Boston Investors Group, Inc., et al.,
Appellees.
An Appeal from a non-final order from the Circuit Court for Miami-Dade
County, Eric Hendon, Judge.
Feldman Law, and Andrew M. Feldman, for appellants.
Jaramillo Law PA, and Sebastian Jaramillo, for appellee Boston Investors
Group, Inc.
Before ROTHENBERG, C.J., and SUAREZ and SCALES, JJ.
ROTHENBERG, C.J.
The plaintiffs below, Dev D. Dabas and Sumedha Dabas (collectively, “the
Lenders”), appeal from a non-final order granting defendant Boston Investors
Group, Inc.’s (“Borrower”) motion to set aside a deficiency judgment as void
pursuant to Florida Rule of Civil Procedure 1.540(b)(4). Because we conclude
that, as a matter of law, the deficiency judgment is not void, we reverse the trial
court’s order granting the Borrower’s motion for relief from judgment pursuant to
rule 1.540(b)(4).
FACTS
In April 2011, the Borrower executed a mortgage and promissory note in the
amount of $450,000 in favor of the Lenders.

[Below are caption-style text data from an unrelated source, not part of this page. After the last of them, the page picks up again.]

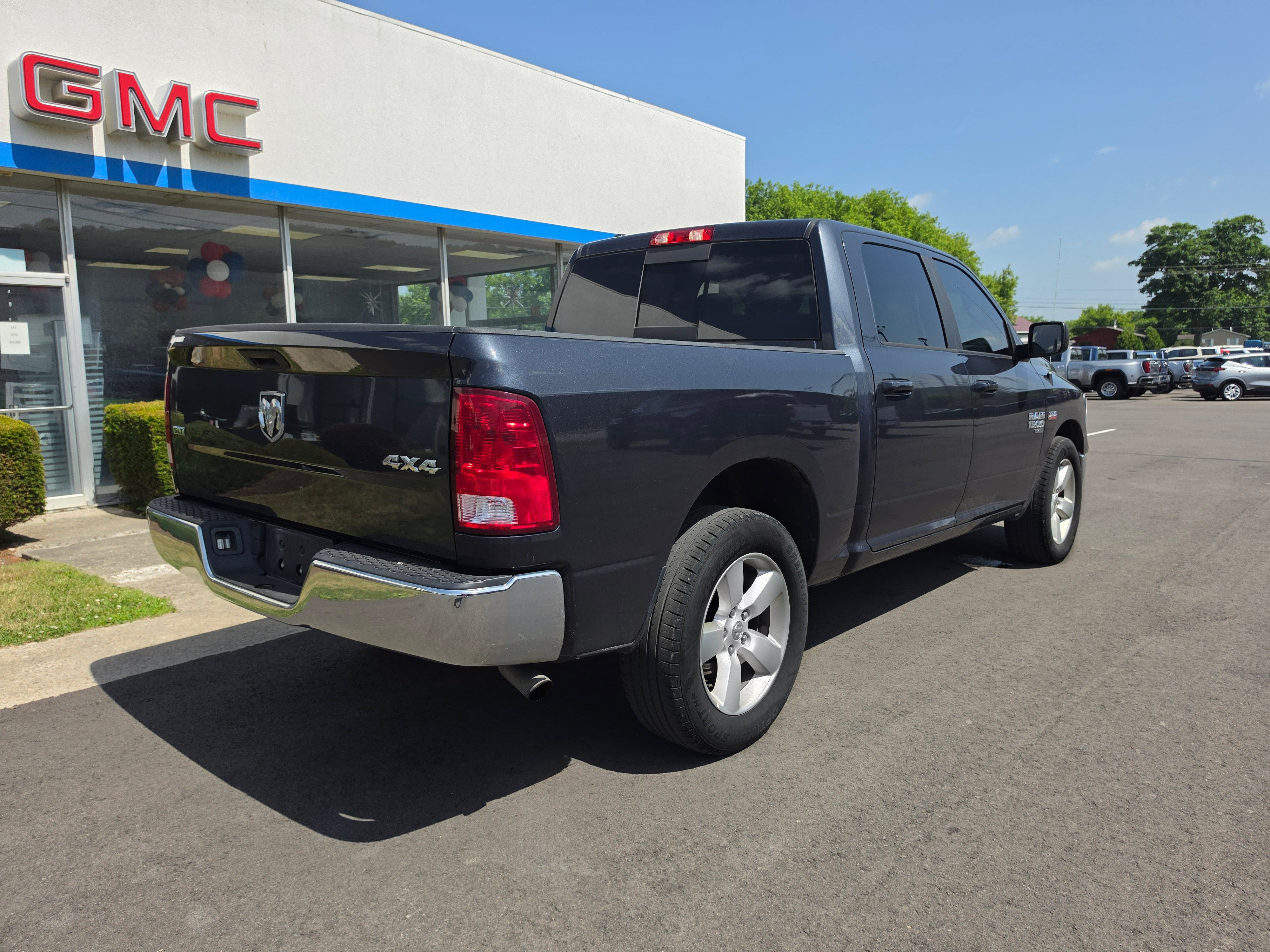 Used 2019 RAM 1500 Classic SLT AWD/4WD video 3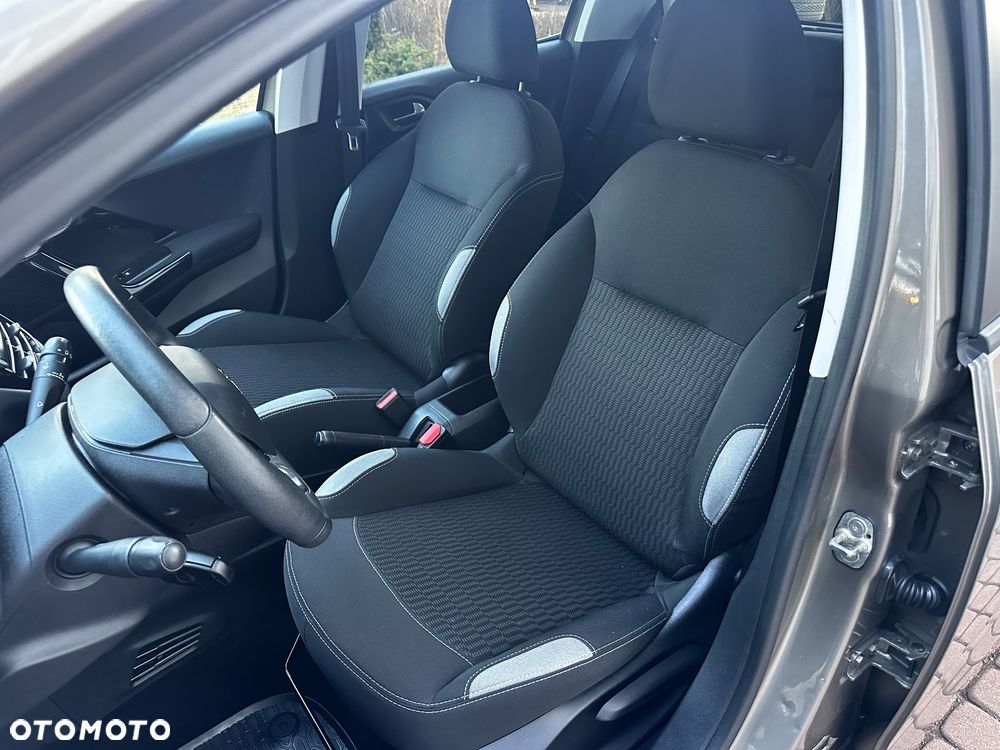 Peugeot 208 PureTech 82 Urban Move - 20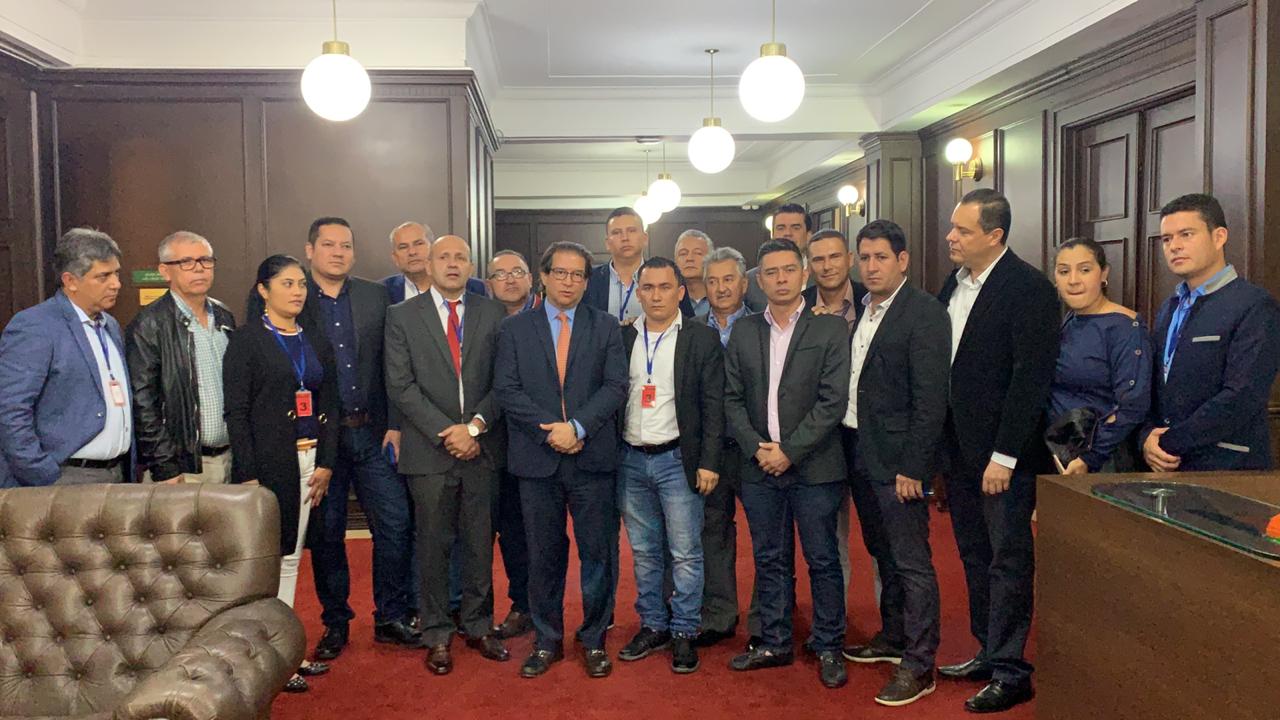 Alcaldes reunidos con el ministro de agricultura, Rodolfo Zea Navarro, sobre la crisis humanitaria en la región.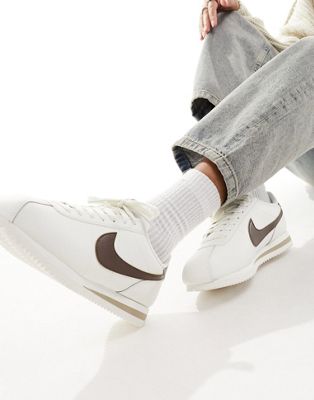 Nike - Cortez - Baskets en cuir - Blanc cassé et marron cacao | ASOS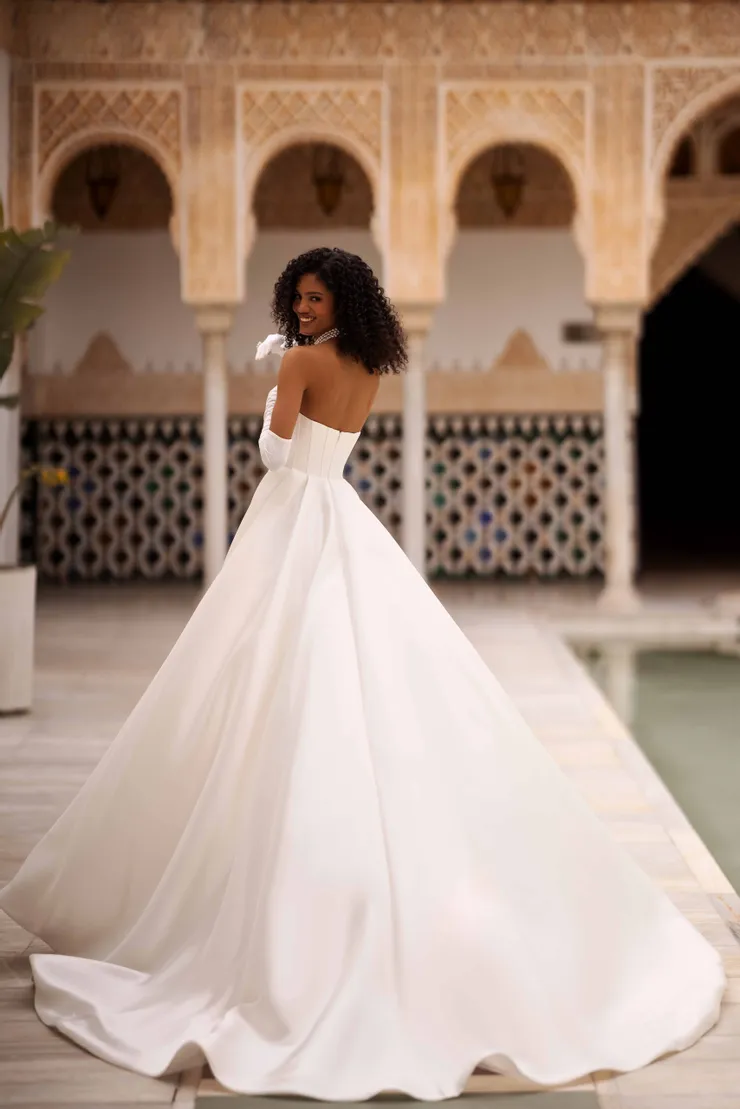 Wona Concept Backface Thumbnail Image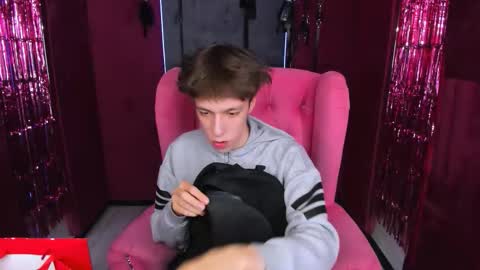 Snapshot of mark_branston chatting on December 19, 2025, 1:29 pm Mark online show from December 19, 2025, 1:29 pm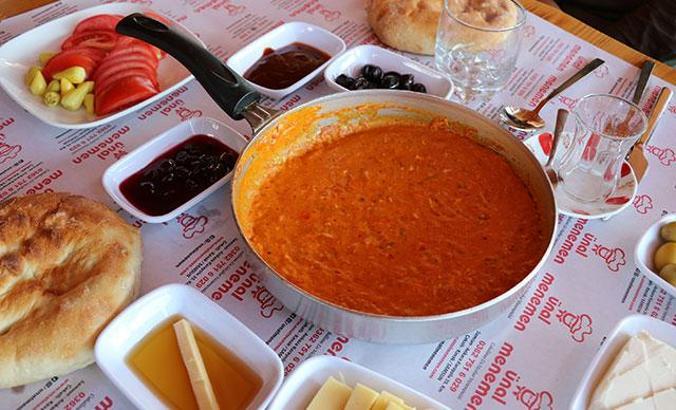 Çakallı menemeni iş kapısı oldu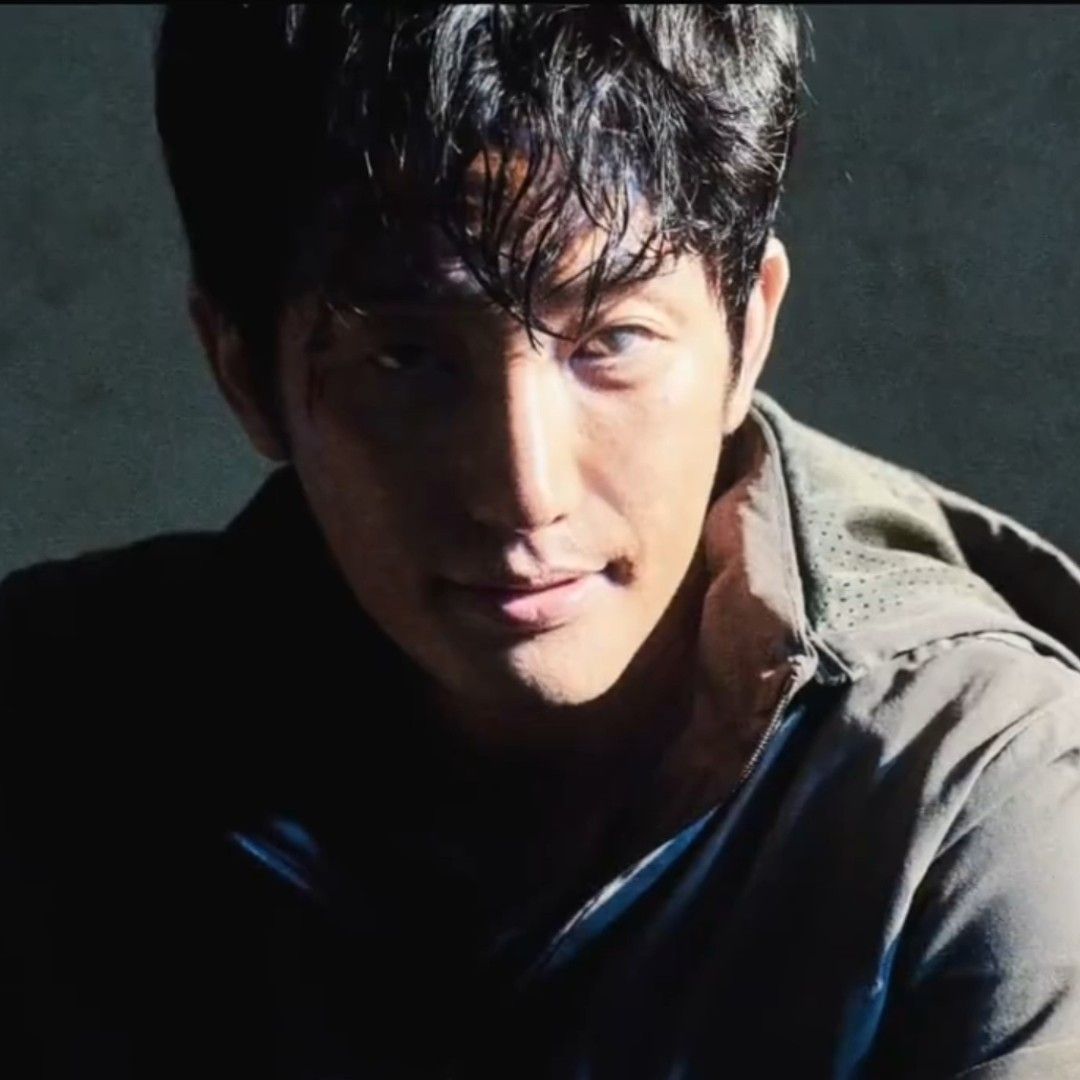 Recent activity shot of Park Sihoo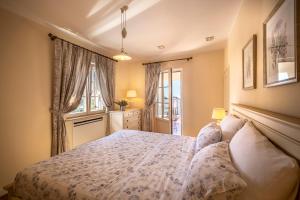 Posteľ alebo postele v izbe v ubytovaní Villa Terrarossa - Luxury Istrian Villa near Poreč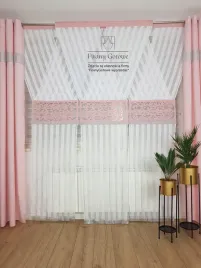 panel-dekoracyjny-z-cyrkoniami-jasnorozowy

The Lenders initiated a foreclosure
action against the Borrower, and the Borrower filed an answer and affirmative
defenses. After the Borrower withdrew its amended answer and affirmative
defenses, an unopposed final judgment of foreclosure in favor of the Lenders in the
amount $579,409.92 was entered in May 2013. On June 11, 2013, the foreclosed
property, which is vacant land located in Pinecrest, Florida, was sold at the
foreclosure sale for $65,100 to the Lenders as the highest bidders.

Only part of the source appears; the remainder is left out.